It's all about how you can do right, have great artistic and commercial success, and in so doing go sky rocketing into disaster. It is the story of singer-songwriter Paul Williams and what he did before and after "the crash" of events put an end to his career.
The premise of the film is that Stephen Kessler discovers that the hero of his youth, who vanished from sight some time in the early '70s, still lives. He finds him singing at a small club in the present day, talks with him, and they agree to make a film about Paul Williams today, his comings and goings. Williams insists that the film will end up being more about the film-maker than it will be about him, and in some ways he is right. But in the process Paul Williams is revealed quite candidly as the man who stepped into an abyss and emerged from it all somehow a better person for it.
This comes about via Kessler's everyday interactions with Paul, following and filming him on tour, making the rounds in dramatically humbler circumstances than during the halcyon days.
At first Williams tends to be standoffish, uncomfortable being back in the spotlight, but there is a dramatic turn of events when he at last invites Kessler to his house. They watch footage of Williams at the height of media fame, pretty well blasted with drugs and alcohol, filled with a kind of overweening pride.
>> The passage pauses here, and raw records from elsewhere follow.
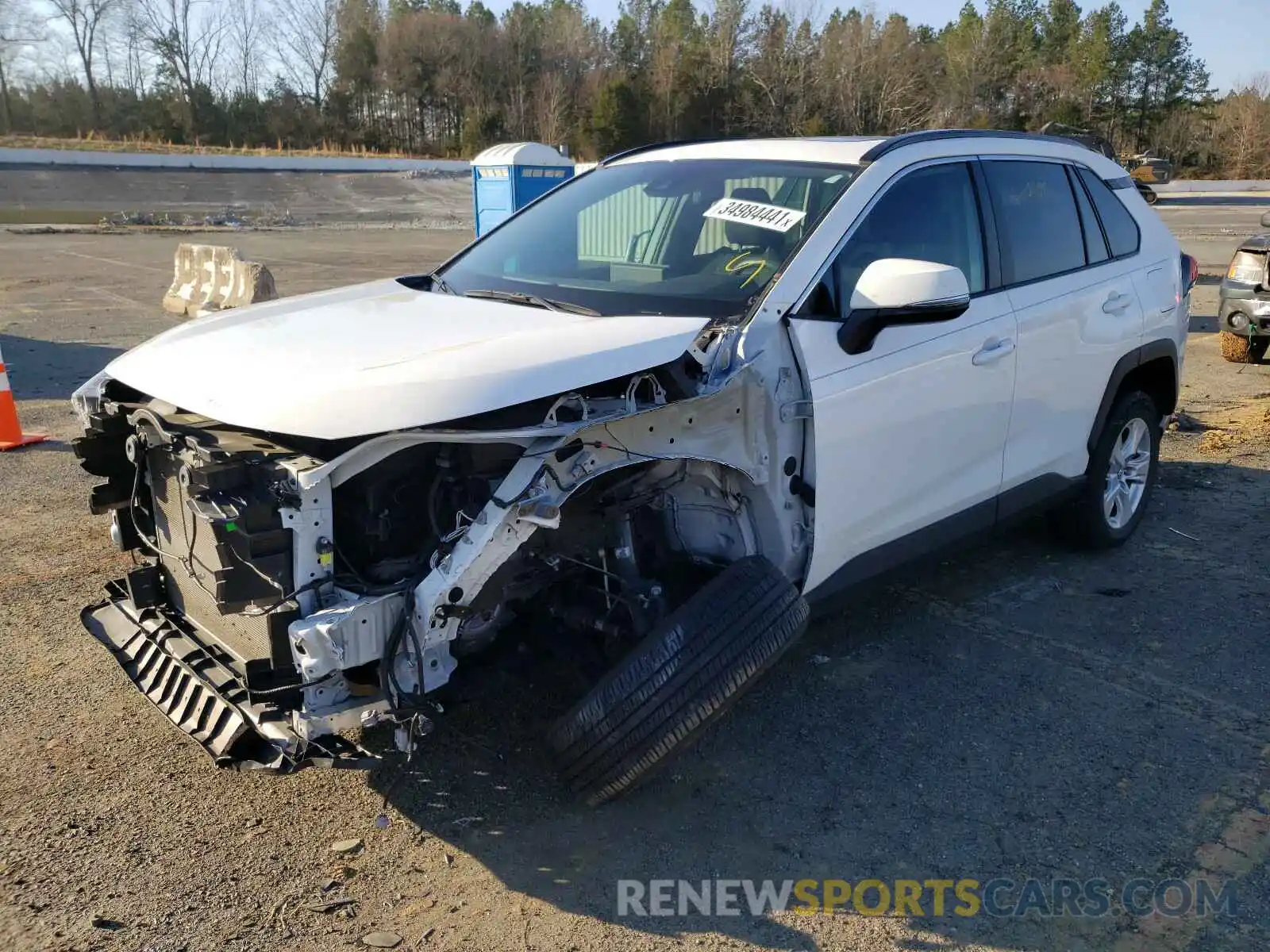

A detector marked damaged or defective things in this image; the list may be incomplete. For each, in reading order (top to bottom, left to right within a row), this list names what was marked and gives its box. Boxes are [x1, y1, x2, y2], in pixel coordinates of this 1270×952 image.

detached tire [1214, 332, 1254, 368]
white damaged suv [74, 132, 1194, 807]
detached tire [1046, 388, 1158, 551]
detached front bumper [81, 581, 371, 777]
detached tire [543, 555, 802, 807]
Williams confronts that past self at last for the cameras, and he doesn't like what he sees.
In the process the film takes you gradually ever deeper into the Paul Williams who was in a sense a victim of his own success, who had to let go of all of it and start over almost from nothing, who ends up becoming a sympathetic, likable guy whereas you see him in earlier footage increasingly becoming the self-absorbed king of the star-encrusted lounge lizards.
It's a film that gradually pulls you into its slice-of-life orbit to discover along with Steve who this recreated Paul Williams has become and what was left to him after it all went to smash.
A good look at the effects of '60s starmaking, what it made of people...and an absorbing story, well-presented to boot.